The next bit is quite difficult to describe but I shall do my best. I carried on and soon came to a point where the corridor veered off at a slight angle to the right, and in front of me, up above there was a gap between the wall and ceiling which was covered by a flap that looked like a piece of basic white sheet. I could see through the gap between the wall and sheet and it looked like an old fashioned barrack room on the other side. I now had to make a decision; do I carry on down the corridor or do I float up through the flap and see what’s beyond. Strangely, without making a conscious decision, I simply floated up and through the white sheet.

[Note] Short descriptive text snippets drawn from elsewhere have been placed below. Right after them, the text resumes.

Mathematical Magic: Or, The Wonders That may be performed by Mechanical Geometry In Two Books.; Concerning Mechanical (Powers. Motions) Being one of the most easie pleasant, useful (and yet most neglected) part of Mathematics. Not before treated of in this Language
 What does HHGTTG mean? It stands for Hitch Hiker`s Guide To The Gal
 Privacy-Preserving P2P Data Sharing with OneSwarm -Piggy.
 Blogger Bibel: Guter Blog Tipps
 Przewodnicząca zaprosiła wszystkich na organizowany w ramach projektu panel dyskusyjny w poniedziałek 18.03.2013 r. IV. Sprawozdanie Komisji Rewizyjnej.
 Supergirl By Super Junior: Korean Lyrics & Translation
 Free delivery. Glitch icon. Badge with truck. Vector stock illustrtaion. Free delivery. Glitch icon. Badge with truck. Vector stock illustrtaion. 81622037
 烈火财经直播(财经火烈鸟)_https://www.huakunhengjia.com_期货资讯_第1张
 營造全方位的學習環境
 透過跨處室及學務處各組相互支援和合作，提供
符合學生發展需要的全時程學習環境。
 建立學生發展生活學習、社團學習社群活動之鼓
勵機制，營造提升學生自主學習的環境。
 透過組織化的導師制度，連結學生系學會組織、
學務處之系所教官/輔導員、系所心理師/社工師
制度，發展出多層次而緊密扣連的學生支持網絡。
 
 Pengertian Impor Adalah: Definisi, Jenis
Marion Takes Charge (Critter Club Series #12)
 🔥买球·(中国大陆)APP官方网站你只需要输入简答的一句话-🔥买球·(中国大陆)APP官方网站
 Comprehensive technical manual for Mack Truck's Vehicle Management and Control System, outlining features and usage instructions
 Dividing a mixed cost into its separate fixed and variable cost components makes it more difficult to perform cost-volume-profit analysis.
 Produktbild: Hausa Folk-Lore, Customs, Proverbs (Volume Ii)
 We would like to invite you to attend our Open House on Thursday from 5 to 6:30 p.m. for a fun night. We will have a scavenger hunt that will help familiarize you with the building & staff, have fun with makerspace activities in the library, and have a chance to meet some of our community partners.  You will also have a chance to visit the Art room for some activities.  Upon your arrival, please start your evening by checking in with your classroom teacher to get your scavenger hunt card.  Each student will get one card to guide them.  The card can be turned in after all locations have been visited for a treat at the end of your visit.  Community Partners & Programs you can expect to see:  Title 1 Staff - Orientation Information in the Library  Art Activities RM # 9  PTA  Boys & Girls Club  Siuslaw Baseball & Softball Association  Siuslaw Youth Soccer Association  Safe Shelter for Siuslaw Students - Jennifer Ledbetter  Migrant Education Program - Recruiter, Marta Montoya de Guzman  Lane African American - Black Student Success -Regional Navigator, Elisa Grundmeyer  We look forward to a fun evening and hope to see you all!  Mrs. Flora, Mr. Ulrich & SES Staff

On the other side, immediately on the right, was a couple of old-style army-type bunk beds. I should also add at this point that the whole complex of corridor and barrack room seemed as though it was underground.
I just floated on past the bunk beds and realised that the whole place was open plan and quite huge. There was a lot of souls wearing military-style uniforms, but they did not bat an eyelid as I floated past above their heads. I realised too that the area where the bunk beds were sited was actually quite small; probably a rest area, and as I made my way out into the open space it seemed more like a huge workshop, or even an aircraft hanger. Even though it looked decidedly military I was not surprised to note that there was not a single gun in sight; astral weapons simply don’t exist. Of course, my assuming that this was some kind of military area could also have something to do with not being able to think outside the box; this is simply how it looked to me.
Just as I was really looking forward to exploring I got that all too familiar feeling, and within what seemed like a micro-second, I was back in my body. So, as far as astral adventures goes it wasn’t that eventful. Did I really just say that? You must think I’m REALLY spoiled… well I am… AND extremely lucky.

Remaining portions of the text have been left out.